Zusammenarbeit klappt bestens
Rückblickend sind sich alle Beteiligten einig: Die weitgehend automatisierten Prozesse sind heute wesentlich effizienter und strukturierter als vor der Inbetriebnahme der Radiologieanbindung. Manuelle Abläufe und Untersuchungsergebnisse in Papierform gehören heute der Vergangenheit an. Muss eine Befundung gemacht werden, erstellt der behandelnde Arzt im Klinikinformationssystem Phoenix einen Röntgenauftrag. Phoenix generiert anschliessend eine Untersuchungsanforderung, die via Schnittstellenserver an das System in Baden übermittelt wird.
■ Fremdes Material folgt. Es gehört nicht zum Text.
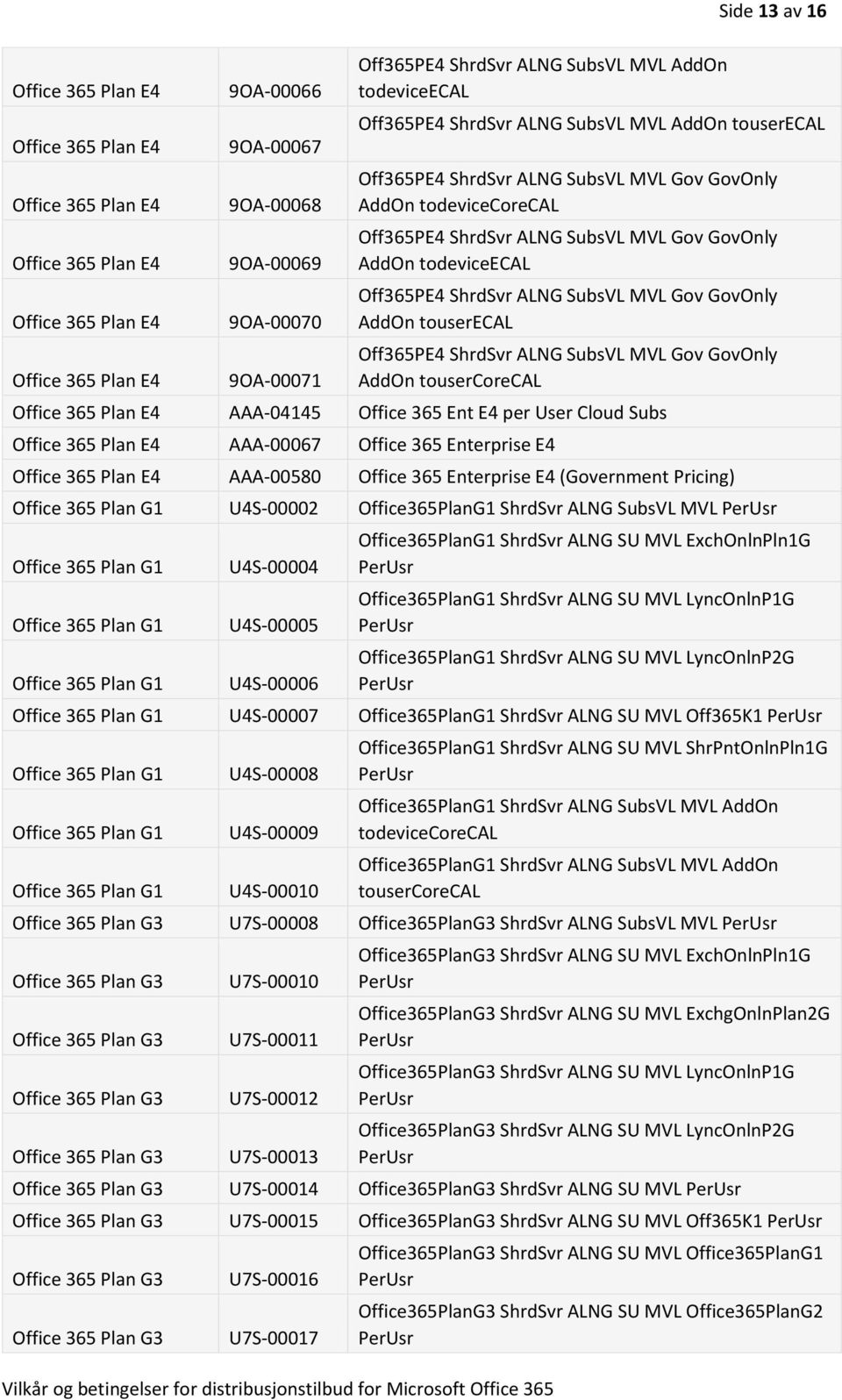 ALNG SubsVL MVL Gov GovOnly AddOn tousercorecal AAA-04145 Office 365 Ent E4 per User Cloud Subs AAA-00067 Office 365 Enterprise E4 AAA-00580 Office 365 Enterprise E4 (Government Pricing) Office 365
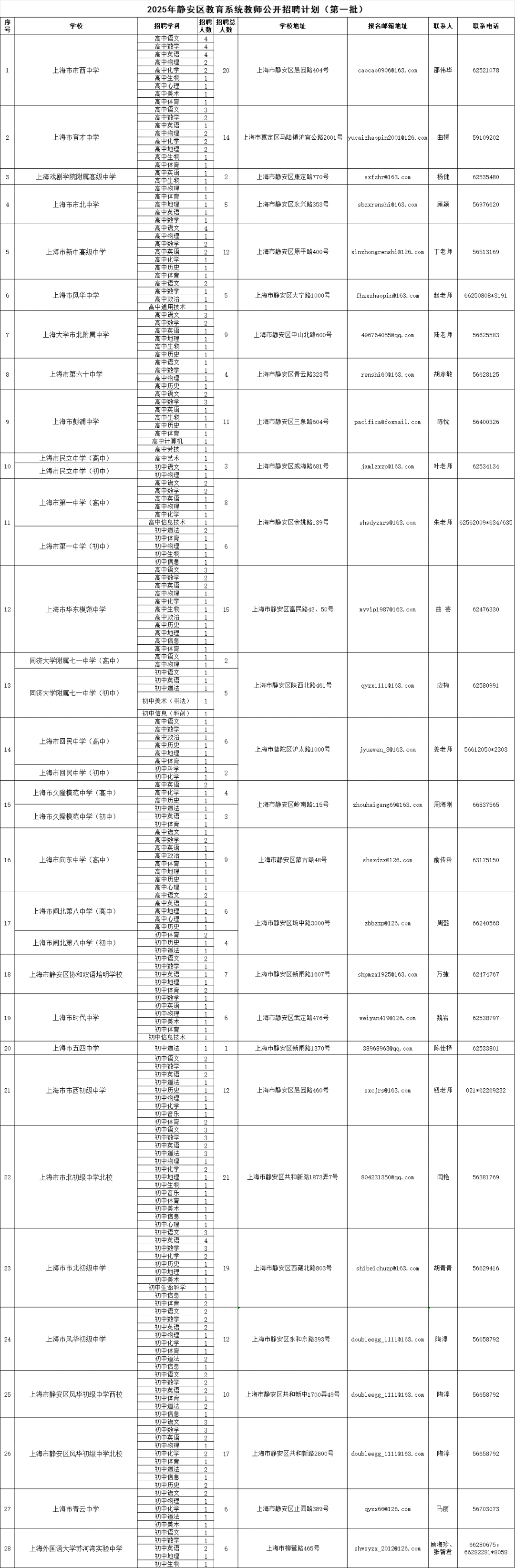 2025年1月27日 第25页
Dort wird ein Patientendossier angelegt und eine «Worklist» mit Aufträgen vom RSL erstellt. Diese Liste ist wiederum an der Röntgenmodalität in Leuggern abrufbar. Der zuständige Spitalmitarbeiter in Leuggern arbeitet die Röntgenaufnahmen gemäss dieser Liste ab. Die Bilder werden sofort nach Baden übermittelt, wo ein Facharzt aus der Radiologie die Befundung vornimmt. Dabei garantiert das KSB einen Service rund um die Uhr, das ganze Jahr über. Die radiologischen Befunde werden elektronisch festgehalten und via E-Mail verschlüsselt an das RSL verschickt. Bei unklaren Fällen oder in Notfallsituationen ist auch eine telefonische Bildbesprechung möglich. Befund und Bild werden zudem automatisch im Universalarchiv des RSL – der sogenannten «Health Engine» – gespeichert. Dort werden sie während zehn Jahren aufbewahrt.
Zukunftsmusik im Gesundheitswesen
Die Erfahrungen, die das Regionalspital bisher mit der Radiologieanbindung gemacht hat, sind durchwegs positiv. Zwar musste anfangs einiges an Überzeugungsarbeit geleistet werden, um die Spitalmitarbeiter von der neuen Lösung zu überzeugen, insgesamt ist das System aber ein voller Erfolg. Zimmermann sieht viel Potenzial in solchen Gemeinschaftsprojekten: «Die Radiologieanbindung ist nicht nur eine Qualitätsverbesserung, sondern leistet auch einen wertvollen Beitrag, um die Gesundheitskosten zu senken. Ich bin überzeugt, dass solche Projekte Schule machen werden.» Froh ist Zimmermann auch, dass Leuggern die IT-Infrastruktur nicht mehr selbst betreiben muss. «Die Hint AG betreibt sämtliche Systeme mit Ausnahme der Modalitäten vor Ort für uns. Wir müssen uns deshalb nicht länger mit IT-Fragen herumschlagen, sondern können uns auf unsere Patienten konzentrieren.» Auch beim Kantonsspital Baden ist man mit der neuen Lösung sehr zufrieden, wie Dr. Rahel Kubik, Chefärztin Radiologie, erläutert: «Während das Regionalspital Leuggern mit der Radiologieanbindung Prozesse und Qualität verbessern konnte, bedeutet die neue Lösung für uns eine noch bessere Auslastung der Infrastruktur des radiologischen Instituts. So profitiert jede Seite von der Lösung.» An grossen Spitälern erstellt in der Regel ein Facharzt der Radiologie den Befund zu einer Röntgenaufnahme. Dadurch wird eine möglichst hohe Qualität sichergestellt. In kleineren Spitälern ohne eigene Fachabteilung übernimmt dies jeweils der behandelnde Arzt. Dieses pragmatische Vorgehen ist zwar nicht ungewöhnlich, allerdings fehlt es bei komplexeren Untersuchungen dann doch am nötigen Fachwissen.